You said you averaged new weights together to get the new weight. Does that mean you run many training sessions and take the average of the trained weights?
There are many possibilities your LSTM did not work, even if you implemented it correctly. The weights are not easy to train by simple gradient descent.
Here are my suggestion for weight optimization.
Using Momentum method for gradient descent.
Add some gaussian noise to your training set to prevent overfitting.
using adaptive learning rates for each unit.
Maybe you can take a look at Coursera's course Neural Network offered by Toronto University, and discuss with people there.

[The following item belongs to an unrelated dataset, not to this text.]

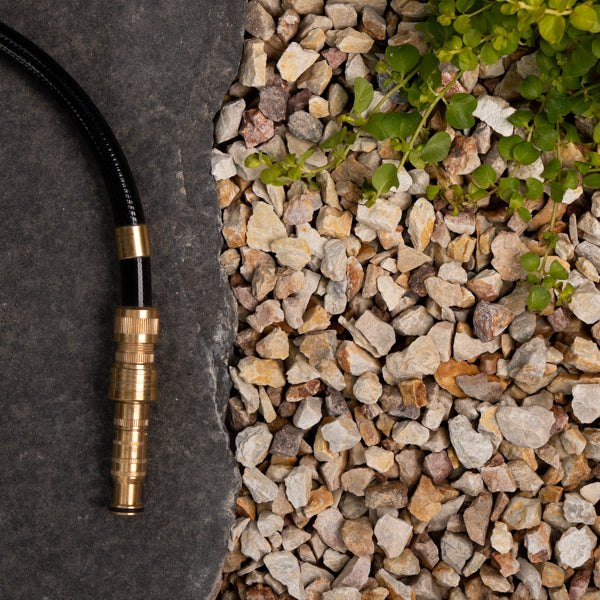 Brass garden hose nozzle on a dark surface with gravel and greenery.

Or you can take a look at other examples on GitHub. For instance :
https://github.com/JANNLab/JANNLab/tree/master/examples/de/jannlab/examples
The best way to test an LSTM implementation (after gradient checking) is to try it out on the toy memory problems described in the original LSTM paper itself.
The best one that I often use is the 'Addition Problem':
We give a sequence of tuples of the form (value, mask). Value is a real valued scalar number between 0 and 1. Mask is a binary value - either 0 or 1.
0.23, 0
0.65, 0
...
0.86, 0
0.13, 1
0.76, 0
...
0.34, 0
0.43, 0
0.12, 1
0.09, 0
..
0.83, 0 -> 0.125
In the entire sequence of such tuples (usually of length 100), only 2 tuples should have mask as 1, the rest of the tuples should have the mask as 0. The target at the final time step is the a average of the two values for which the mask was 1. The outputs at all other time steps, other than the last one is ignored. The values and the positions of the mask are arbitrarily chosen. Thus, this simple task shows if your implementation can actually remember things over long periods of time.